# WHAT IS REQUIRED:
Your answer must match the material exactly, line for line.

::::::::

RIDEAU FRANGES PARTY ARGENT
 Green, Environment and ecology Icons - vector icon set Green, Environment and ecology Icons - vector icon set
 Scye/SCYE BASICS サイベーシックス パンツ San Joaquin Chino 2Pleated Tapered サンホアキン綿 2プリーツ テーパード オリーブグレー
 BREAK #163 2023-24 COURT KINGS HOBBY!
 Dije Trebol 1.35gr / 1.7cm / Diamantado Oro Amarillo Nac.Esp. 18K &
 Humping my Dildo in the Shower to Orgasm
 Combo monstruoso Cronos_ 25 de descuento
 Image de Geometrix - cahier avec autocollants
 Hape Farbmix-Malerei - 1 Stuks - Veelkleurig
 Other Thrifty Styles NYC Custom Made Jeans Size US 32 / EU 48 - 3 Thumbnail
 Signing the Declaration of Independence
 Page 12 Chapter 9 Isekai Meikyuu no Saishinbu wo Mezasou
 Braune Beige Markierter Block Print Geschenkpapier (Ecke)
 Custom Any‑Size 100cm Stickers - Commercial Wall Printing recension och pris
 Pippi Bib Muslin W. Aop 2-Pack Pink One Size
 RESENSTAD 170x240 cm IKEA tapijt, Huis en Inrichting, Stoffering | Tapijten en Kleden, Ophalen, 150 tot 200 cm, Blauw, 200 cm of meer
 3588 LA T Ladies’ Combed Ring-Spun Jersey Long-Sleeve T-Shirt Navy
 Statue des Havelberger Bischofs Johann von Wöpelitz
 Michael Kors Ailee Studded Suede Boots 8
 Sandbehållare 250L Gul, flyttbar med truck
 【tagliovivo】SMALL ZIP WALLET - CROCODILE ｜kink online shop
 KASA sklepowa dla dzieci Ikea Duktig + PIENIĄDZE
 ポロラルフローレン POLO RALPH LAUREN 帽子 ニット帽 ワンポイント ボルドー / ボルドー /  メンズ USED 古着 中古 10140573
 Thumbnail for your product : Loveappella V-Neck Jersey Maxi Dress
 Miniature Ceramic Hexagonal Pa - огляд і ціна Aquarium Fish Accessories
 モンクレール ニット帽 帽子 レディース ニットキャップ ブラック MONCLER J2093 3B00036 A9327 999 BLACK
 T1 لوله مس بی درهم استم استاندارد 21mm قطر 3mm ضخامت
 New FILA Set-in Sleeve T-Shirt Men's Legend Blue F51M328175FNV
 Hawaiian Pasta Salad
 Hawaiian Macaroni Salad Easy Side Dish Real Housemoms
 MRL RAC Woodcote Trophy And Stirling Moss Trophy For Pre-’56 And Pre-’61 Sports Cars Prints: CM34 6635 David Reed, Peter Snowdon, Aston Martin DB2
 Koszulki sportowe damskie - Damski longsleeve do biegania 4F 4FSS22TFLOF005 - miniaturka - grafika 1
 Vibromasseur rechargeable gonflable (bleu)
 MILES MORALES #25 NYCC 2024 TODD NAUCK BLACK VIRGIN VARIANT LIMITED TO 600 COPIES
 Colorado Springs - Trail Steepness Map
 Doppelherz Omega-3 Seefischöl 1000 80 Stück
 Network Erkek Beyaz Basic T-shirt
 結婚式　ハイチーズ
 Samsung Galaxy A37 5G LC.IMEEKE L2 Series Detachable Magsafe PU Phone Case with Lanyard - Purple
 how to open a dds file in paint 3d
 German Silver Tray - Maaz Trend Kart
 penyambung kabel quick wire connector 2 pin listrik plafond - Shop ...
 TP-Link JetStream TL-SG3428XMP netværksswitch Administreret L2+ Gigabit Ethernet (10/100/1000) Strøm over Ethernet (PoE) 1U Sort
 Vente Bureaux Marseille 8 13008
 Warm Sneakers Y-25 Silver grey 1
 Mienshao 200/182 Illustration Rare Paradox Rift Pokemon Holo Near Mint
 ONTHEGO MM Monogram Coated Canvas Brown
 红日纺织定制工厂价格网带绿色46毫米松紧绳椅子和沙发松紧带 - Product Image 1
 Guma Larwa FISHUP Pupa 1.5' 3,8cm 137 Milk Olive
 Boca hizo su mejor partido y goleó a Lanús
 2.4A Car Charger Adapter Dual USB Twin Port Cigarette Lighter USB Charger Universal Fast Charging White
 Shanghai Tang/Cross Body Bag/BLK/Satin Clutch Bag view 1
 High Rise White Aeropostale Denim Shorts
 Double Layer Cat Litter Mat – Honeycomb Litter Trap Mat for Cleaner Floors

::::::::

# RESPONSE TO THIS EXERCISE:
RIDEAU FRANGES PARTY ARGENT
 Green, Environment and ecology Icons - vector icon set Green, Environment and ecology Icons - vector icon set
 Scye/SCYE BASICS サイベーシックス パンツ San Joaquin Chino 2Pleated Tapered サンホアキン綿 2プリーツ テーパード オリーブグレー
 BREAK #163 2023-24 COURT KINGS HOBBY!
 Dije Trebol 1.35gr / 1.7cm / Diamantado Oro Amarillo Nac.Esp. 18K &
 Humping my Dildo in the Shower to Orgasm
 Combo monstruoso Cronos_ 25 de descuento
 Image de Geometrix - cahier avec autocollants
 Hape Farbmix-Malerei - 1 Stuks - Veelkleurig
 Other Thrifty Styles NYC Custom Made Jeans Size US 32 / EU 48 - 3 Thumbnail
 Signing the Declaration of Independence
 Page 12 Chapter 9 Isekai Meikyuu no Saishinbu wo Mezasou
 Braune Beige Markierter Block Print Geschenkpapier (Ecke)
 Custom Any‑Size 100cm Stickers - Commercial Wall Printing recension och pris
 Pippi Bib Muslin W. Aop 2-Pack Pink One Size
 RESENSTAD 170x240 cm IKEA tapijt, Huis en Inrichting, Stoffering | Tapijten en Kleden, Ophalen, 150 tot 200 cm, Blauw, 200 cm of meer
 3588 LA T Ladies’ Combed Ring-Spun Jersey Long-Sleeve T-Shirt Navy
 Statue des Havelberger Bischofs Johann von Wöpelitz
 Michael Kors Ailee Studded Suede Boots 8
 Sandbehållare 250L Gul, flyttbar med truck
 【tagliovivo】SMALL ZIP WALLET - CROCODILE ｜kink online shop
 KASA sklepowa dla dzieci Ikea Duktig + PIENIĄDZE
 ポロラルフローレン POLO RALPH LAUREN 帽子 ニット帽 ワンポイント ボルドー / ボルドー /  メンズ USED 古着 中古 10140573
 Thumbnail for your product : Loveappella V-Neck Jersey Maxi Dress
 Miniature Ceramic Hexagonal Pa - огляд і ціна Aquarium Fish Accessories
 モンクレール ニット帽 帽子 レディース ニットキャップ ブラック MONCLER J2093 3B00036 A9327 999 BLACK
 T1 لوله مس بی درهم استم استاندارد 21mm قطر 3mm ضخامت
 New FILA Set-in Sleeve T-Shirt Men's Legend Blue F51M328175FNV
 Hawaiian Pasta Salad
 Hawaiian Macaroni Salad Easy Side Dish Real Housemoms
 MRL RAC Woodcote Trophy And Stirling Moss Trophy For Pre-’56 And Pre-’61 Sports Cars Prints: CM34 6635 David Reed, Peter Snowdon, Aston Martin DB2
 Koszulki sportowe damskie - Damski longsleeve do biegania 4F 4FSS22TFLOF005 - miniaturka - grafika 1
 Vibromasseur rechargeable gonflable (bleu)
 MILES MORALES #25 NYCC 2024 TODD NAUCK BLACK VIRGIN VARIANT LIMITED TO 600 COPIES
 Colorado Springs - Trail Steepness Map
 Doppelherz Omega-3 Seefischöl 1000 80 Stück
 Network Erkek Beyaz Basic T-shirt
 結婚式　ハイチーズ
 Samsung Galaxy A37 5G LC.IMEEKE L2 Series Detachable Magsafe PU Phone Case with Lanyard - Purple
 how to open a dds file in paint 3d
 German Silver Tray - Maaz Trend Kart
 penyambung kabel quick wire connector 2 pin listrik plafond - Shop ...
 TP-Link JetStream TL-SG3428XMP netværksswitch Administreret L2+ Gigabit Ethernet (10/100/1000) Strøm over Ethernet (PoE) 1U Sort
 Vente Bureaux Marseille 8 13008
 Warm Sneakers Y-25 Silver grey 1
 Mienshao 200/182 Illustration Rare Paradox Rift Pokemon Holo Near Mint
 ONTHEGO MM Monogram Coated Canvas Brown
 红日纺织定制工厂价格网带绿色46毫米松紧绳椅子和沙发松紧带 - Product Image 1
 Guma Larwa FISHUP Pupa 1.5' 3,8cm 137 Milk Olive
 Boca hizo su mejor partido y goleó a Lanús
 2.4A Car Charger Adapter Dual USB Twin Port Cigarette Lighter USB Charger Universal Fast Charging White
 Shanghai Tang/Cross Body Bag/BLK/Satin Clutch Bag view 1
 High Rise White Aeropostale Denim Shorts
 Double Layer Cat Litter Mat – Honeycomb Litter Trap Mat for Cleaner Floors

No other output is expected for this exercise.